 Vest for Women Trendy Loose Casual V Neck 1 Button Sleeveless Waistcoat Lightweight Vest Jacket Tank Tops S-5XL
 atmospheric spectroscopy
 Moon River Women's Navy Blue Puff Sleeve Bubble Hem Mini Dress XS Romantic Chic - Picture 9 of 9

——————

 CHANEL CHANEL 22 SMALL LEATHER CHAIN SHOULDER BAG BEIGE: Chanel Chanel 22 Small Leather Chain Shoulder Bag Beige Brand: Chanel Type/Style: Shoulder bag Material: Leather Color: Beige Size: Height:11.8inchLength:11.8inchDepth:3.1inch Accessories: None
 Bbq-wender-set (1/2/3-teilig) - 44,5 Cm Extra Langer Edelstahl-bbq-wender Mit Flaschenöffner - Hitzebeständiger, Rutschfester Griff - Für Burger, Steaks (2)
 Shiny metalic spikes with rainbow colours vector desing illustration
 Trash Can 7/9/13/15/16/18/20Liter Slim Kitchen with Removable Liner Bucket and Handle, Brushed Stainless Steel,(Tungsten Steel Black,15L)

——————

From the records above, transcribe without alteration every line from the one with "Bbq-wender-set (1/2/3-teilig) - 44,5" to the one with "Trash Can 7/9/13/15/16/18/20Liter", inclusive.

 Bbq-wender-set (1/2/3-teilig) - 44,5 Cm Extra Langer Edelstahl-bbq-wender Mit Flaschenöffner - Hitzebeständiger, Rutschfester Griff - Für Burger, Steaks (2)
 Shiny metalic spikes with rainbow colours vector desing illustration
 Trash Can 7/9/13/15/16/18/20Liter Slim Kitchen with Removable Liner Bucket and Handle, Brushed Stainless Steel,(Tungsten Steel Black,15L)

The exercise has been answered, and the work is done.